*Directions for this task*.
Leaving out the images, transcribe every record below exactly.

*Data shown*.
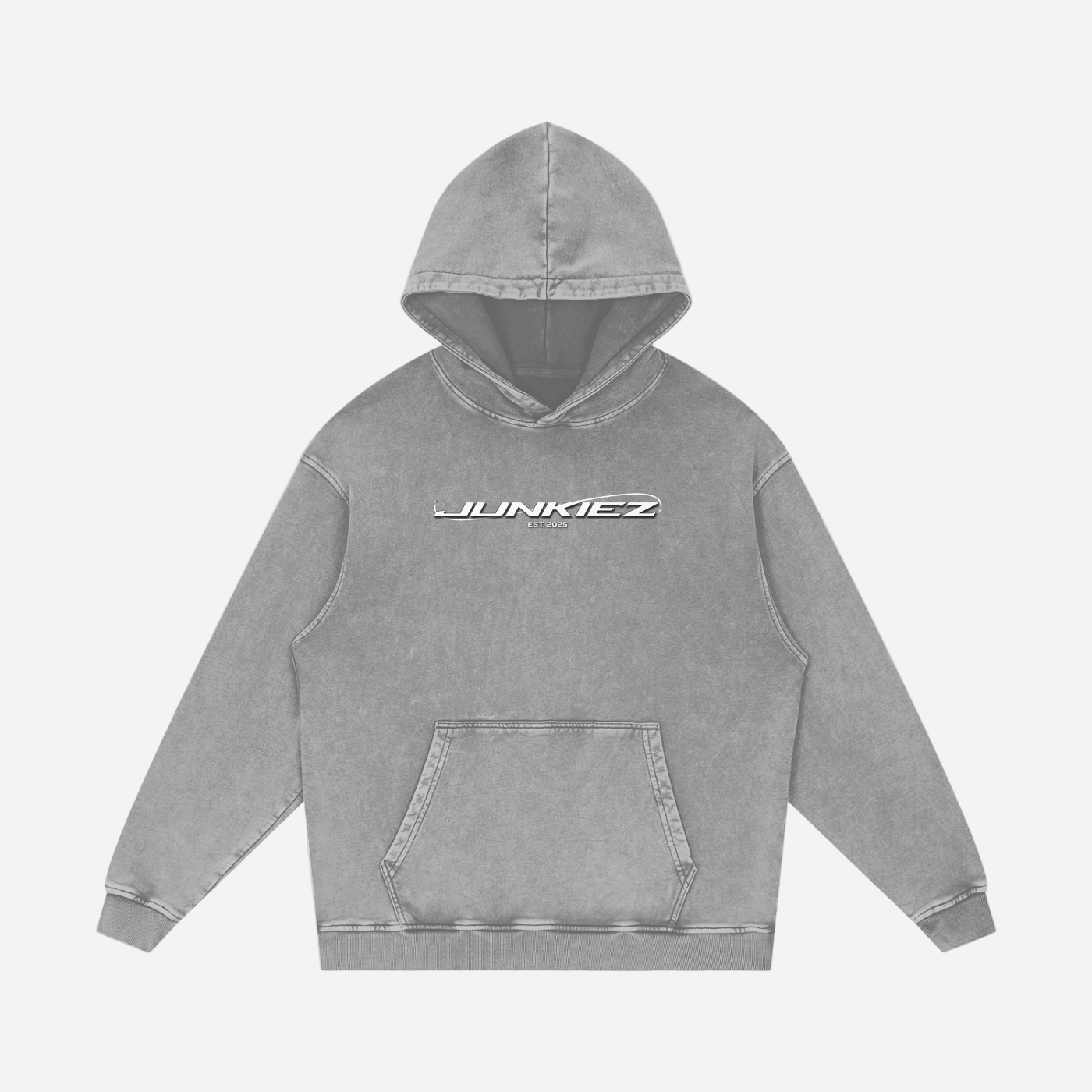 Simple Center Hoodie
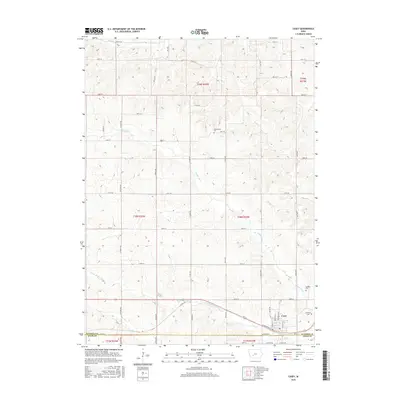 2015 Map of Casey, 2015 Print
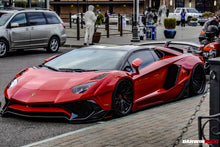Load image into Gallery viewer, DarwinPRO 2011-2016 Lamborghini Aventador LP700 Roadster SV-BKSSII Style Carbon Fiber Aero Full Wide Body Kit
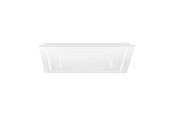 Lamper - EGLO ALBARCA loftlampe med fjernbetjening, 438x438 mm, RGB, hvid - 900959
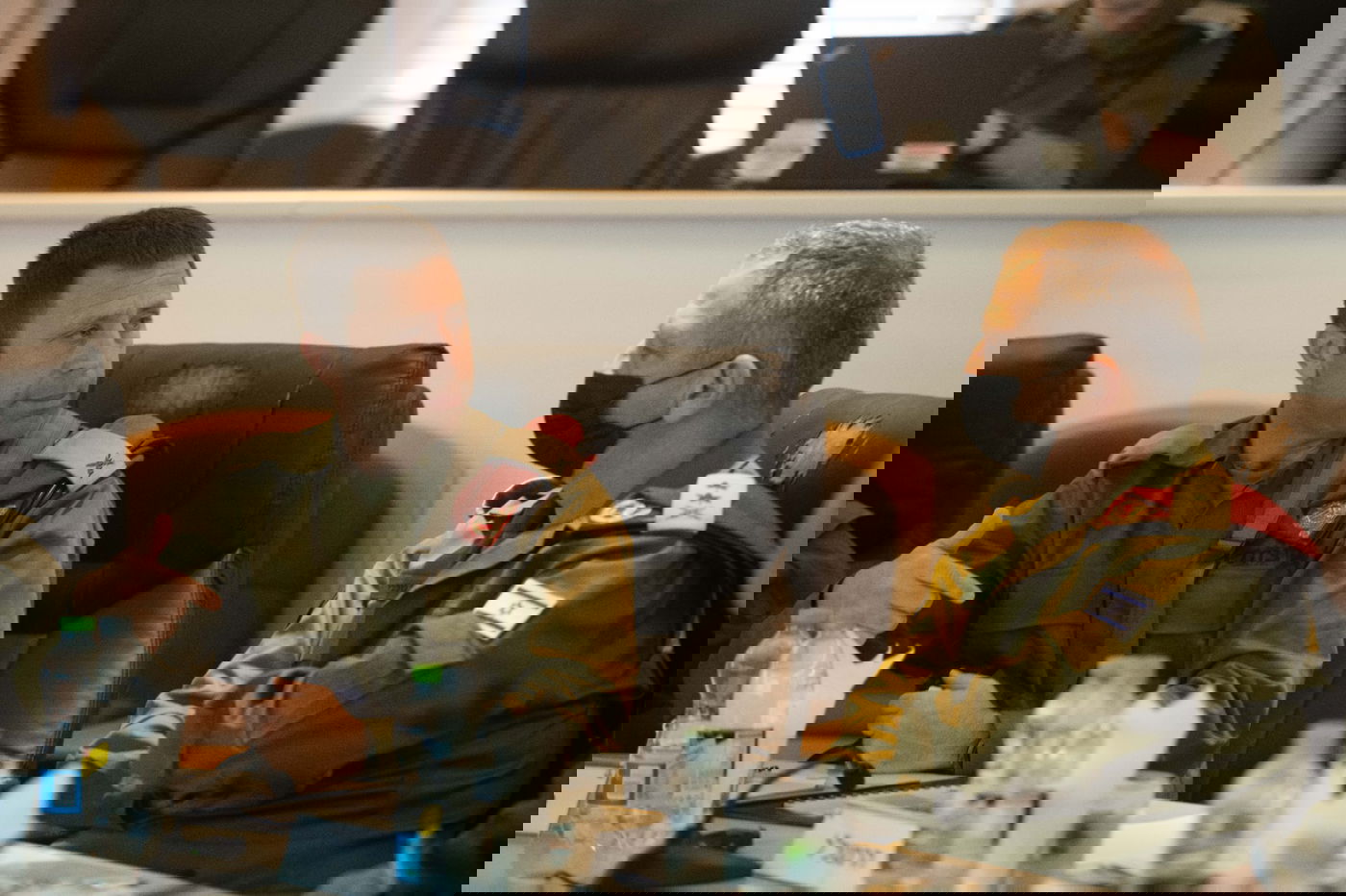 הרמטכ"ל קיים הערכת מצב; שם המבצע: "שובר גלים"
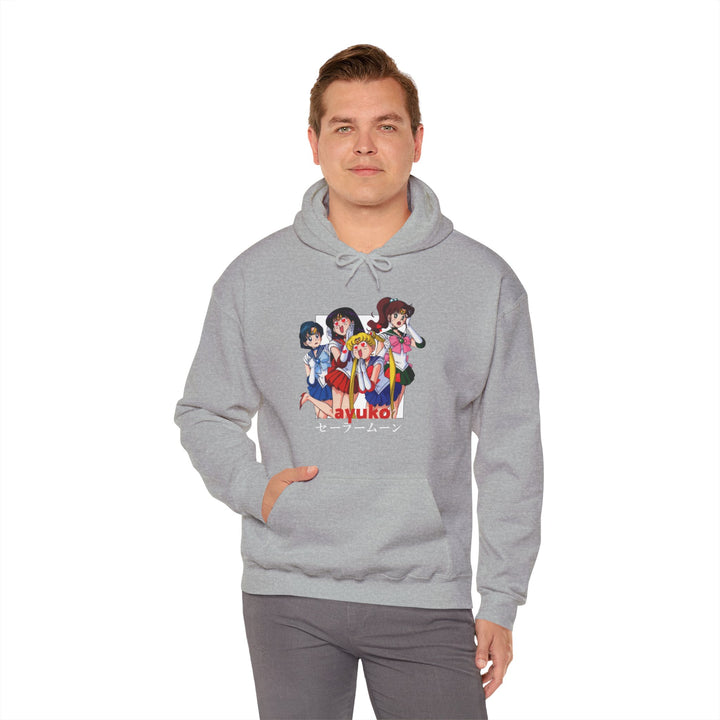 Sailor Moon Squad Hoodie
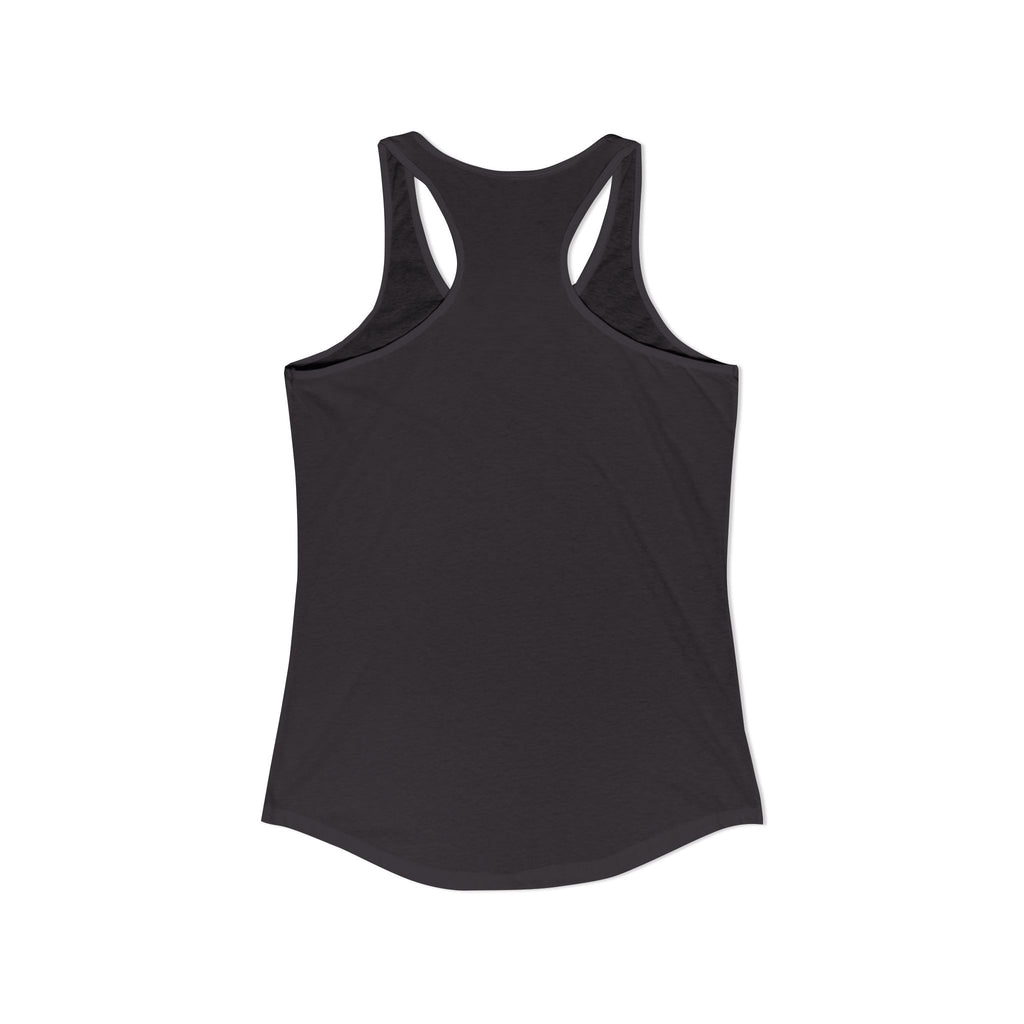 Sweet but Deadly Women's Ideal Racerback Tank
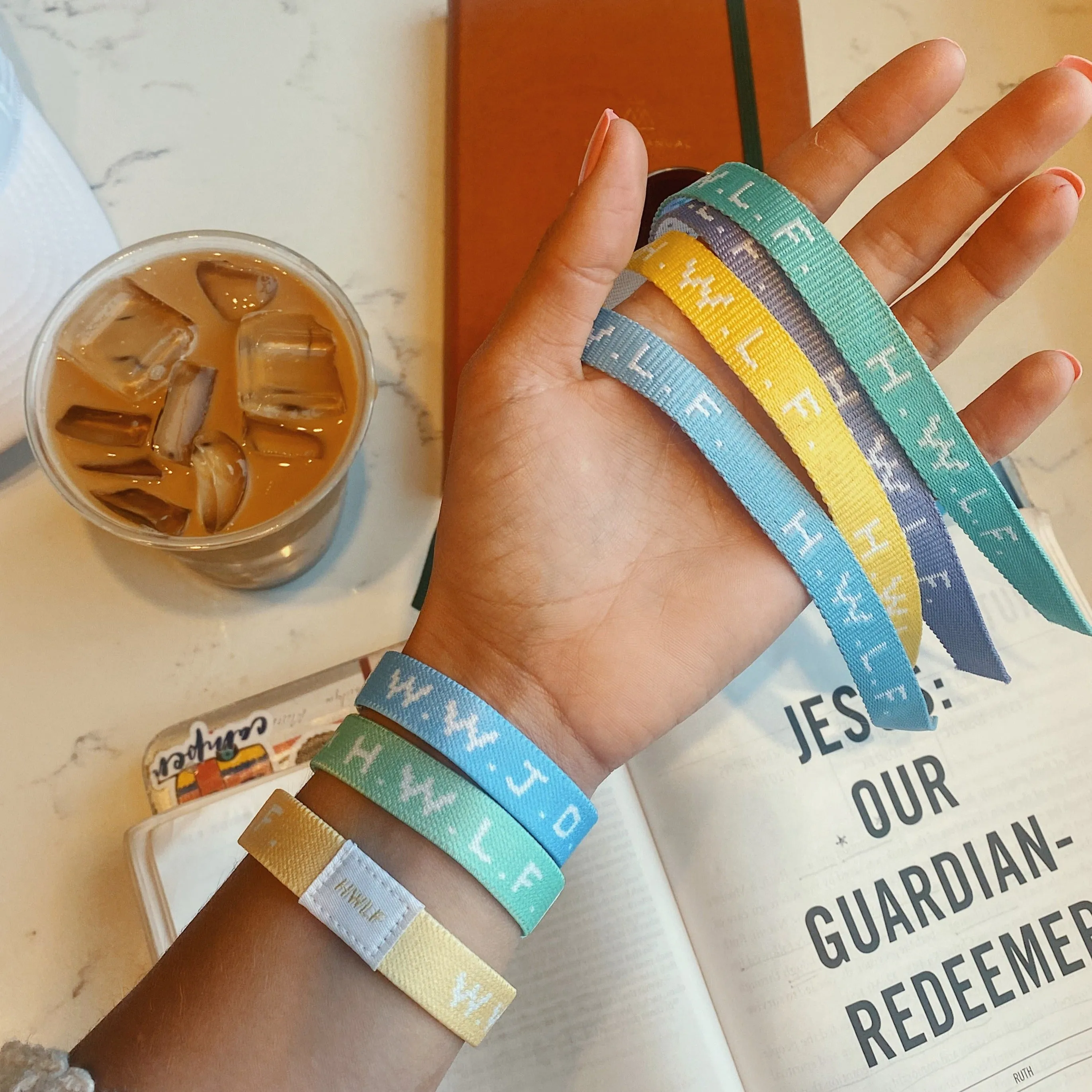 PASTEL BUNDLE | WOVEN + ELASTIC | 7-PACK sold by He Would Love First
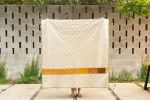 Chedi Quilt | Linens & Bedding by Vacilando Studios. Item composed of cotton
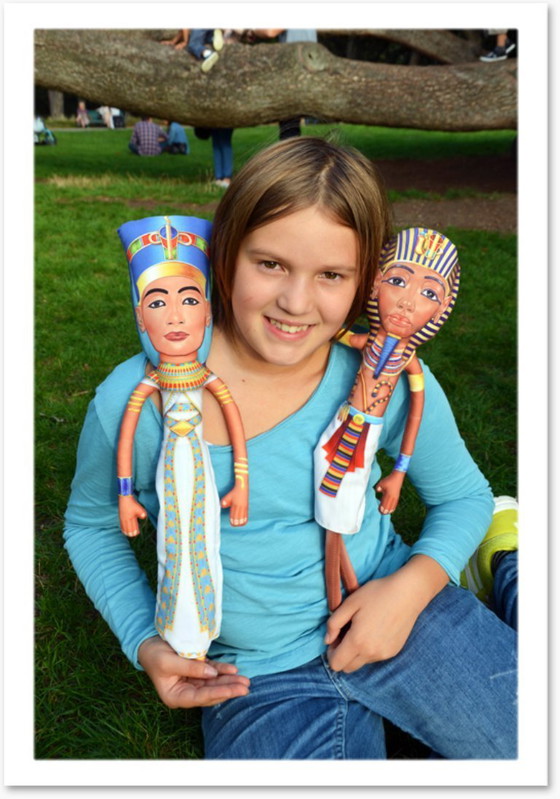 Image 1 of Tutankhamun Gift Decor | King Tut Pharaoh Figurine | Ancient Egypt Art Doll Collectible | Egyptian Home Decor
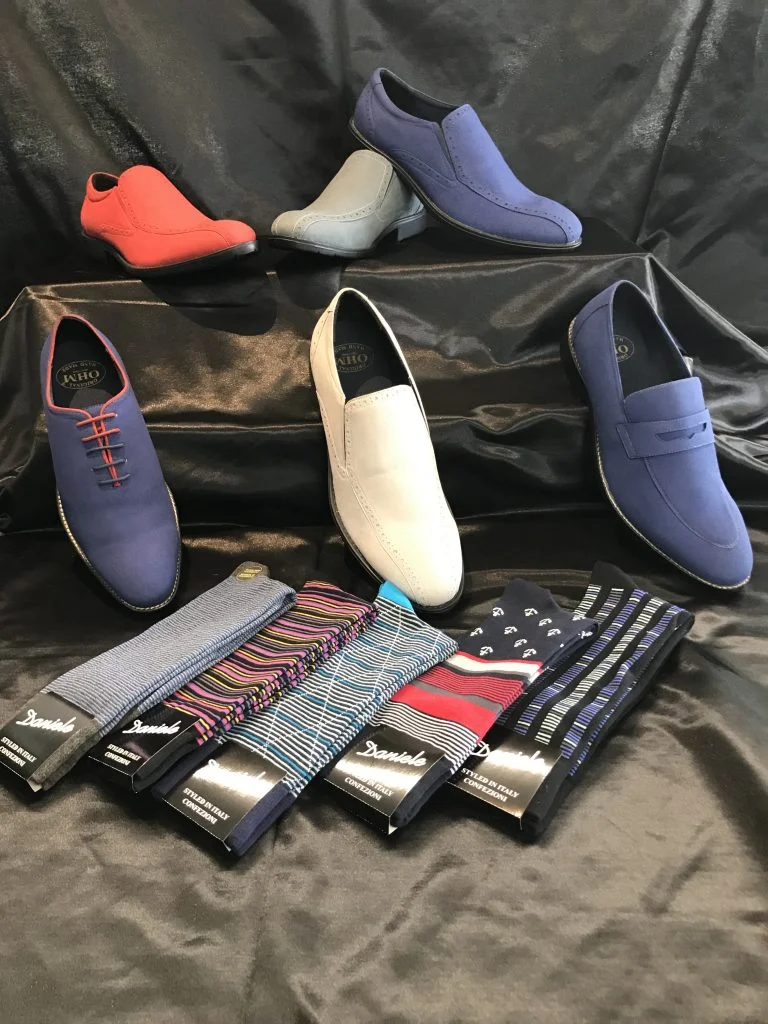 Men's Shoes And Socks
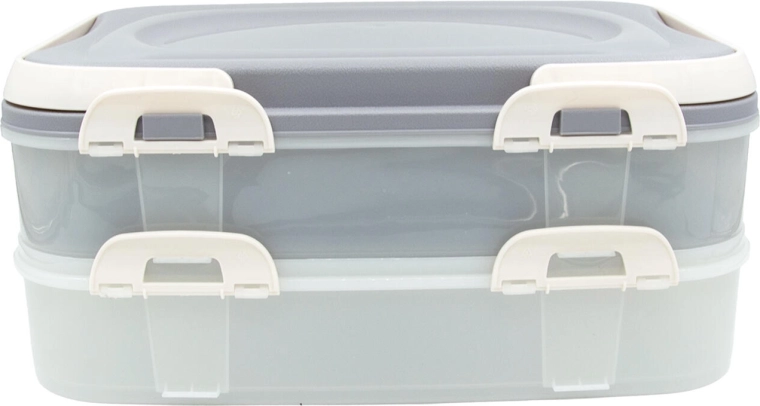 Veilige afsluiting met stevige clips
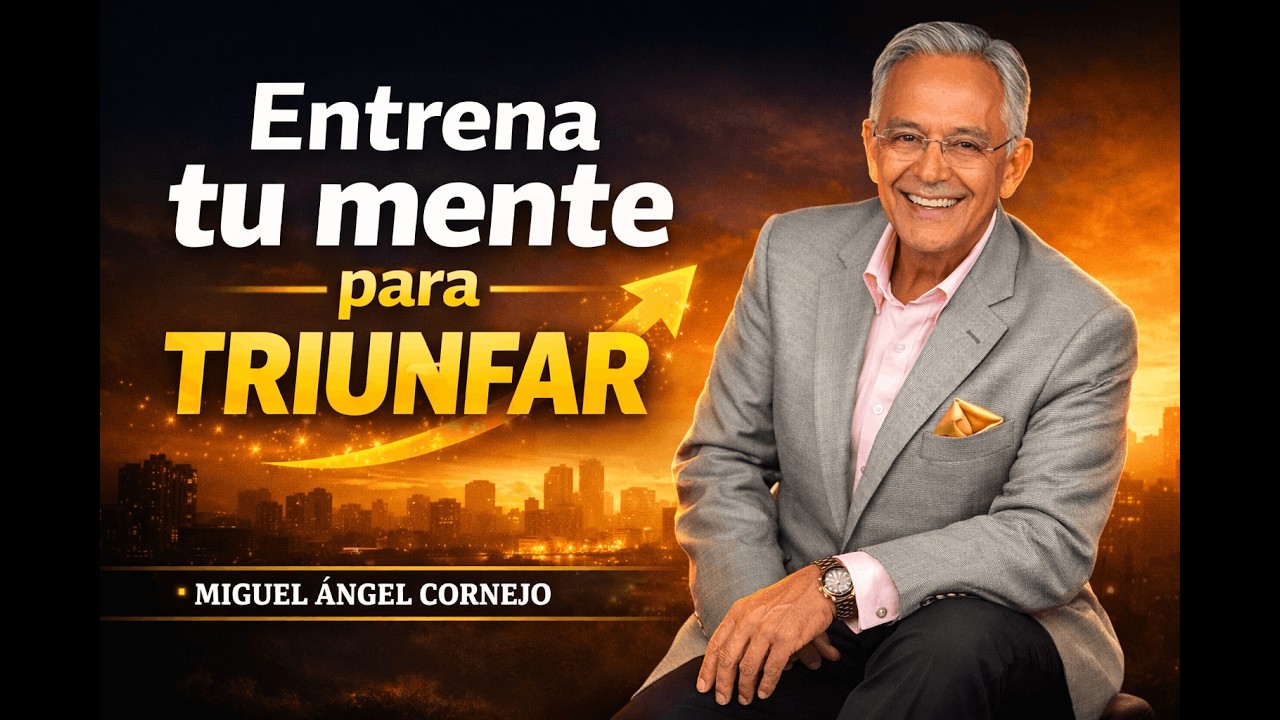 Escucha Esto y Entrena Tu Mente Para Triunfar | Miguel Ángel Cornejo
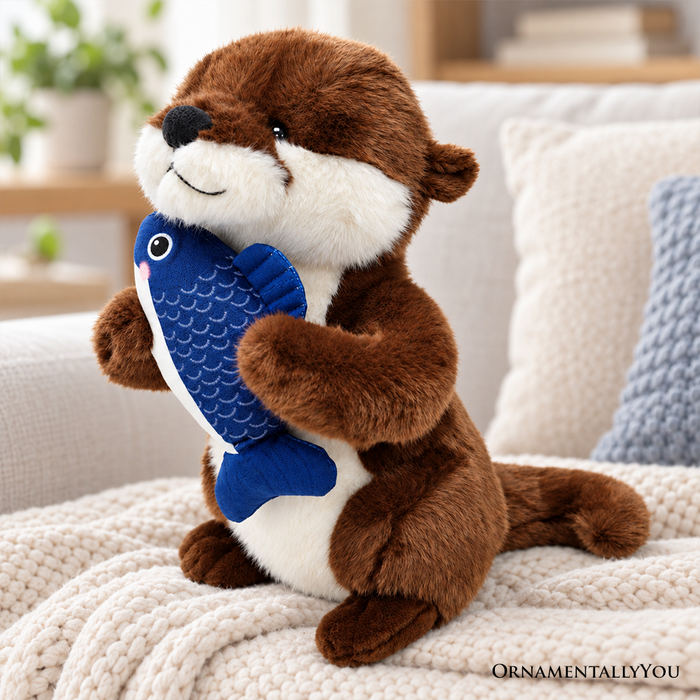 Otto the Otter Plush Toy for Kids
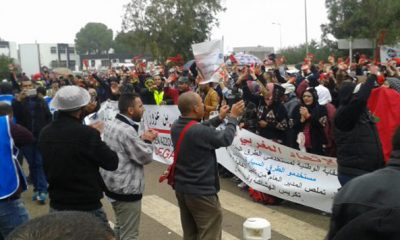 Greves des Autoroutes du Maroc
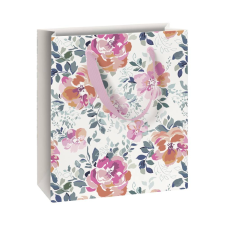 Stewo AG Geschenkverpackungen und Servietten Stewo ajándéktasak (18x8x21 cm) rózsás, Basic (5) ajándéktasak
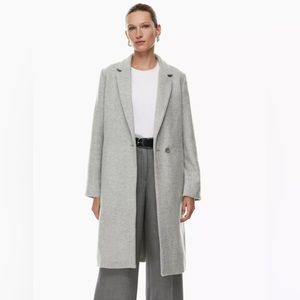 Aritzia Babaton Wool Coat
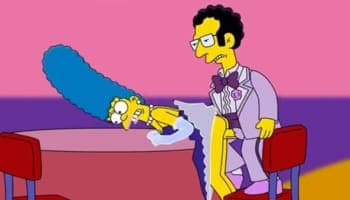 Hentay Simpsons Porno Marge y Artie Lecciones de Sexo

*Answer space*.
 Simple Center Hoodie
 2015 Map of Casey, 2015 Print
Load image into Gallery viewer, DarwinPRO 2011-2016 Lamborghini Aventador LP700 Roadster SV-BKSSII Style Carbon Fiber Aero Full Wide Body Kit
 Lamper - EGLO ALBARCA loftlampe med fjernbetjening, 438x438 mm, RGB, hvid - 900959
 הרמטכ"ל קיים הערכת מצב; שם המבצע: "שובר גלים"
 Sailor Moon Squad Hoodie
 Sweet but Deadly Women's Ideal Racerback Tank
 PASTEL BUNDLE | WOVEN + ELASTIC | 7-PACK sold by He Would Love First
 Chedi Quilt | Linens & Bedding by Vacilando Studios. Item composed of cotton
 Image 1 of Tutankhamun Gift Decor | King Tut Pharaoh Figurine | Ancient Egypt Art Doll Collectible | Egyptian Home Decor
 Men's Shoes And Socks
 Veilige afsluiting met stevige clips
 Escucha Esto y Entrena Tu Mente Para Triunfar | Miguel Ángel Cornejo
 Otto the Otter Plush Toy for Kids
 Greves des Autoroutes du Maroc
 Stewo AG Geschenkverpackungen und Servietten Stewo ajándéktasak (18x8x21 cm) rózsás, Basic (5) ajándéktasak
 Aritzia Babaton Wool Coat
 Hentay Simpsons Porno Marge y Artie Lecciones de Sexo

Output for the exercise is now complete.